Function trunc() behaves in unexpected manner with different data types
I ran into something interesting with using trunc() and different data
types:
The following is a simplified from the statement we're using and
produces the same results:
select trunc( ((cast(2183.68 as numeric) - cast(1 as numeric)) )*100)
/100
yields 2184.68
select trunc(((cast(2183.68 as numeric) - cast(1 as double precision)
))*100) /100
yields 2184.67
select trunc(cast(2184.68 as double precision) *100)
yields 218467 instead of 218468
This only happens on certain ranges of numbers. Doing the same thing
with the number 3183.68 yields the same result in both cases. It only
appears to happen when a number is declared as a double and there is no
number past the last significant digit or the number past the last
significant digit is a zero AND falls within a certain range of numbers.
For instance select trunc(cast(2184.681 as double precision) *100)
yields 218468, but select trunc(cast(2184.680 as double precision) *100)
yields 218467.
I already made sure everything we're using is just defined as numeric to
avoid the issue.
On Thu, Feb 24, 2011 at 1:01 PM, Nathan M. Davalos
<n.davalos@sharedmarketing.com> wrote:
I ran into something interesting with using trunc() and different data
types:The following is a simplified from the statement we’re using and produces
the same results:select trunc( ((cast(2183.68 as numeric) - cast(1 as numeric)) )*100) /100
yields 2184.68
the root issue I think here is that the string version of the double
precision math is approximated:
postgres=# create table v as select floor(2183.68::float8 * 100) as v;
postgres=# select * from v;
v
--------
218367
(1 row)
postgres=# select floor(v) from v;
floor
--------
218367
postgres=# insert into v select 218368;
INSERT 0 1
(1 row)
postgres=# select distinct v from v;
v
--------
218368
218368
(2 rows)
As you can see, even though the string versions are the same, the
internal representation is different. You could dump the data and
restore it and get different results. Also the text/binary protocols
would send different data to the client. I don't know if this is a
bug in postgresql floating point implementation or not: i think the
backend would either have to print 218367.999999999999999ish number or
spend the time to look for these cases and round them internally.

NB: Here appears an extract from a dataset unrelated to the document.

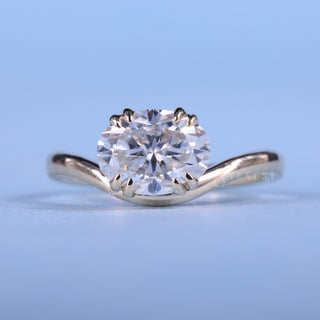 1.0CT Oval Moissanite Diamond East West Unique Engagement Rings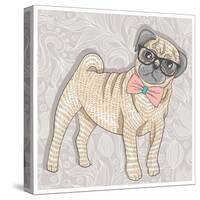 Hipster Pug with Glasses and Bowtie. Cute Puppy Illustration for Children and Kids. Dog Background.-cherry blossom girl-Stretched Canvas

Floating point is a headache :-).
merlin
On Thu, Feb 24, 2011 at 7:31 PM, Merlin Moncure <mmoncure@gmail.com> wrote:
the root issue I think here is that the string version of the double
precision math is approximated:
No, it's simpler than that, all double precision math is approximated.
The root issue is that 2183.67 is not representable in a floating
point binary number. Just like 1/3 isn't representable in base 10
(decimal) numbers many fractions aren't representable in base 2
(binary) numbers. The result are repeated decimals like 0.3333... if you
multiply that by three you get 0.99999 and if you truncate that you
get 0 insted of 1.
It's the trunc() that's exposing the imprecision because like "=" it
depends on the precise value of the number down to the last digit.

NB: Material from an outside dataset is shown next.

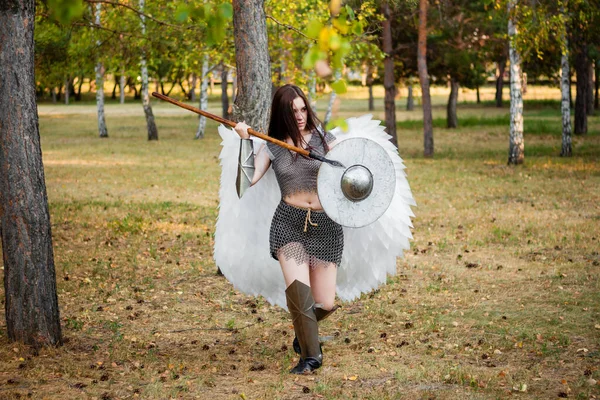 Eine Kriegerin Kettenhemd Mit Stahlstreben Und Grieben Und Flügeln Hinter — Stockfoto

Though depending on the arithmetic you can always make the precision
expand beyond the last digit anyways -- when you multiply by 100 you
magnify that imprecision too.
--
greg
On Thu, Feb 24, 2011 at 8:03 PM, Greg Stark <gsstark@mit.edu> wrote:
On Thu, Feb 24, 2011 at 7:31 PM, Merlin Moncure <mmoncure@gmail.com> wrote:
the root issue I think here is that the string version of the double
precision math is approximated:No, it's simpler than that, all double precision math is approximated.
The root issue is that 2183.67 is not representable in a floating
point binary number. Just like 1/3 isn't representable in base 10
(decimal) numbers many fractions aren't representable in base 2
(binary) numbers. The result are repeated decimals like 0.3333... if you
multiply that by three you get 0.99999 and if you truncate that you
get 0 insted of 1.It's the trunc() that's exposing the imprecision because like "=" it
depends on the precise value of the number down to the last digit.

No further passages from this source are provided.